Today’s post is by regular contributor Peter Selgin, the award-winning author of Your First Page. He offers first-page critiques to show just how much useful critical commentary and helpful feedback can be extracted from a single page—the first page—of a work-in-progress. Learn more about getting a first-page critique.
Lainie was scraping the last bit of peanut butter out of the jar when the land-line rang. She didn’t pick up; her friends only called her cell. The ancient answering machine clicked on and a perky, professional voice chirped “Tini Ferrari here, KNWD-TV?” Lainie knew that name. Pronounced teeny. Everything she said sounded like a question. “I’m phoning about a possible New Year’s Eve interview with Madeleine Stanton? I understand you were Ohio’s first millennium baby? I’d love to talk to you about a feature we’re doing, now that you’re turning twelve. Give me a call?” Tini gave a phone number and clicked off.
A feature on 2K-babies, on TV! She’d be the star, having come into the world at precisely midnight at the turn of the millennium to 2000. It had been years since anyone had mentioned it. It might be fun to be in the spotlight for a few minutes.
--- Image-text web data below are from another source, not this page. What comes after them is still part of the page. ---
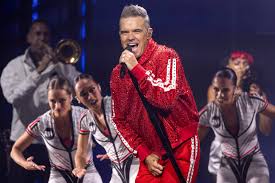 robbie williams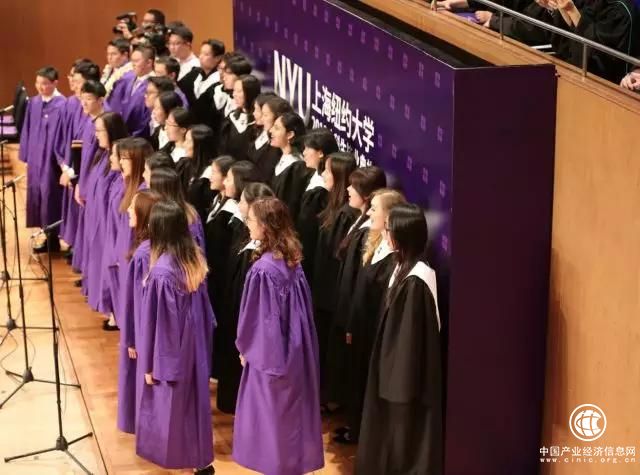 上海纽约大学俞立中：疫情对出国留学的影响或是短时的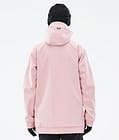 Dope Yeti W Snowboard jas Dames 2X-Up Soft Pink Renewed, Afbeelding 6 van 7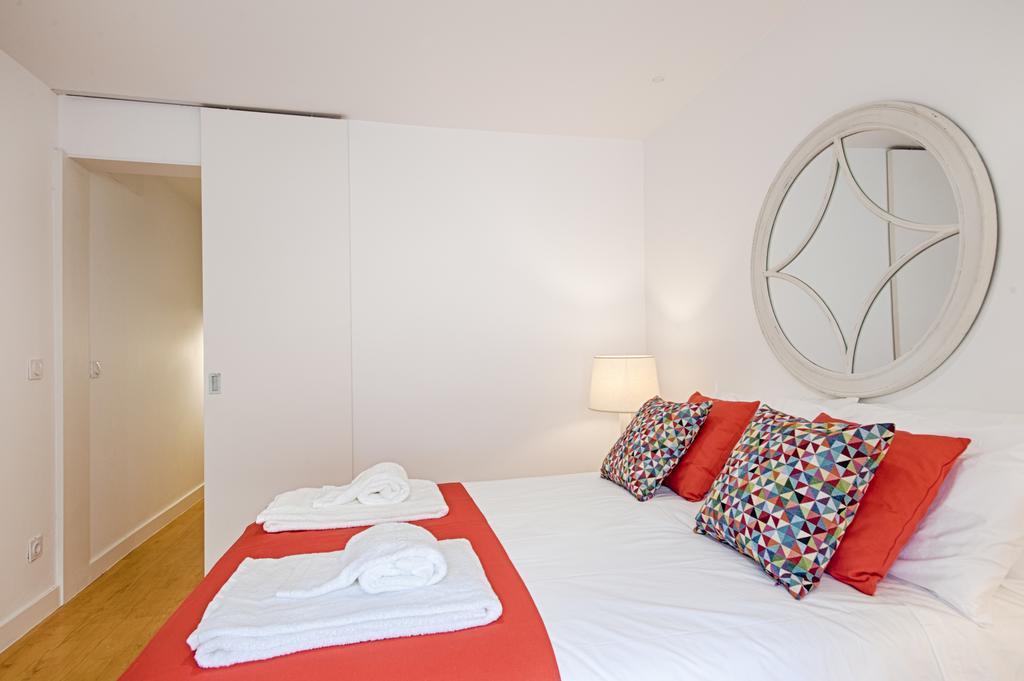 Appartement Bmyguest - Inner Bairro Alto *
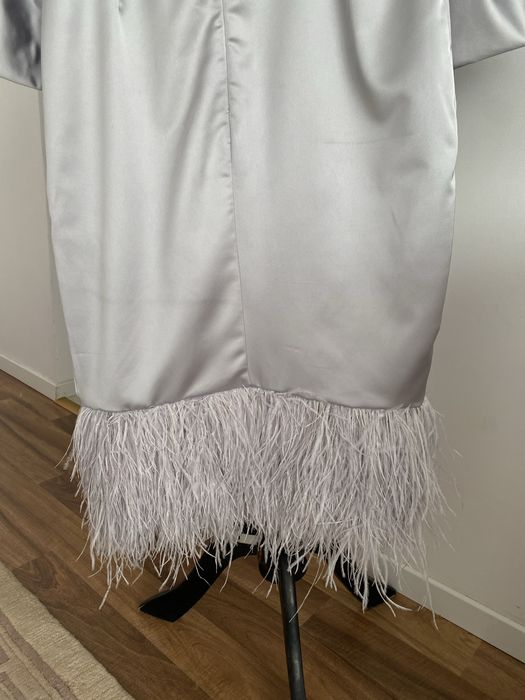 Vand rochie pe comanda deosebita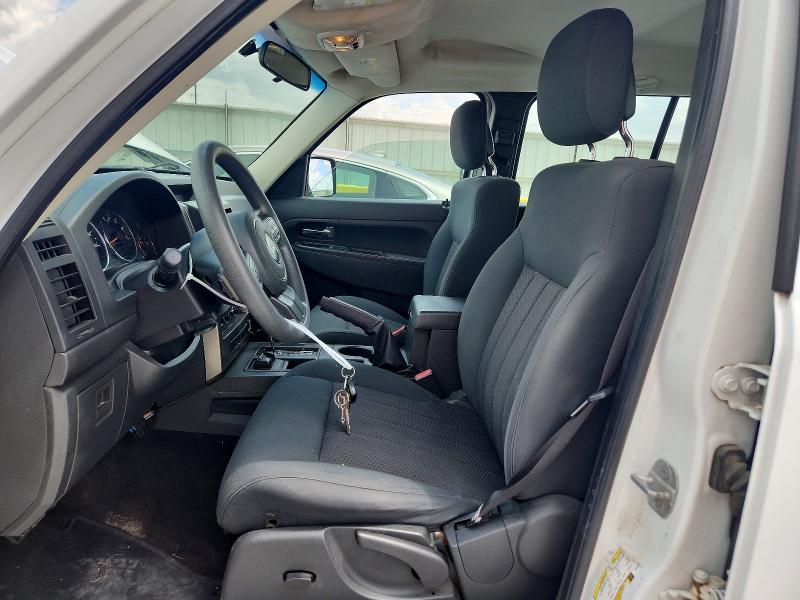 2012 Jeep Liberty მანქანა იყიდება აუქციონზე, vin: 1C4PJMAK6CW208825, აუქციონის ნომერი: 56156746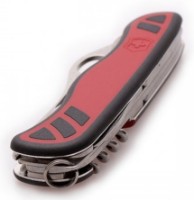 Multitool Victorinox Sentinel One Hand 0.8321.MWC imaginea #2 — magazin online Desire.md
An image of herself surrounded by kids at school flashed through her mind. But what if something went wrong—if she belched, or got sweaty? Or said something stupid? If she messed up on TV? The worst moment of her life would become unerasable entertainment online for the world to see forever—potential boyfriends, colleges, employers—it could end all hope of a normal life!
Anyway, Dad and the Uncs wouldn’t like it. They’d probably freak-out at the attention it would bring to the family. Lainie was wondering whether to ask her dad when she heard the stamp of his boots in the mudroom. A minute later he walked in in his stocking feet, face red from the cold, briefcase under one arm.
“Hey, kitten,” he said, patting her shoulder as he moved past her toward his study.
Lainie followed. “Dad, wait! We—er, I—just got this phone call.”
He went to his desk and started pulling papers out of his case, but raised an eyebrow as though listening, so she pressed on. “That TV reporter Tini Ferrari? She wants to interview me! On TV! They’re doing a story on kids born at the millennium. What do you think? Should I do it?” She blurted out the reason she was afraid he’d say no. “Do you think it would bother the Uncs? I mean, she’s not gonna ask about, well, about what happened . . .”
“Hmm,” he said, pawing through the papers and frowning. “So, do you need a new dress? Or to get your hair done? You can take my credit card.”
He looked up blankly.
She couldn’t stop herself from mocking him. “Get my ‘hair done’?”
“I’m sorry, honey—I guess I wasn’t listening. Is it important?”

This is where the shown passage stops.